# [Work instruction]
From the data below, please reproduce exactly everything from the line that contains "Colmenar Viejo El" down to the line that contains "tender creatures of god posters by", with both ends included.

# [Data in this exercise]
__________

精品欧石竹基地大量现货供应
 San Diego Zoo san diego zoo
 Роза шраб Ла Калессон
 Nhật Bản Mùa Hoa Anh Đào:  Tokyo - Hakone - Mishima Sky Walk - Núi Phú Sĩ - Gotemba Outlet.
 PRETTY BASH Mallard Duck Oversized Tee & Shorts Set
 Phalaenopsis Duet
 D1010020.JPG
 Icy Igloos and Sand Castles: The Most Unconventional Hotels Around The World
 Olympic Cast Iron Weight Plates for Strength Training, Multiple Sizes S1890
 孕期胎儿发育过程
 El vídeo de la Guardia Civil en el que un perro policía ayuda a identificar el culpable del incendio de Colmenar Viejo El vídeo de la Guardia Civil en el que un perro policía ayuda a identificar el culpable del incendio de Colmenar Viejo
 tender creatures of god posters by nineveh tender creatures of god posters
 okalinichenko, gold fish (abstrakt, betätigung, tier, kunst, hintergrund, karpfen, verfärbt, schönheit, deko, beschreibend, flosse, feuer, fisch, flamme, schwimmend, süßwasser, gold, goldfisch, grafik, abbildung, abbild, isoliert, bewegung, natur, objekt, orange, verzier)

__________

# [Response]
 El vídeo de la Guardia Civil en el que un perro policía ayuda a identificar el culpable del incendio de Colmenar Viejo El vídeo de la Guardia Civil en el que un perro policía ayuda a identificar el culpable del incendio de Colmenar Viejo
 tender creatures of god posters by nineveh tender creatures of god posters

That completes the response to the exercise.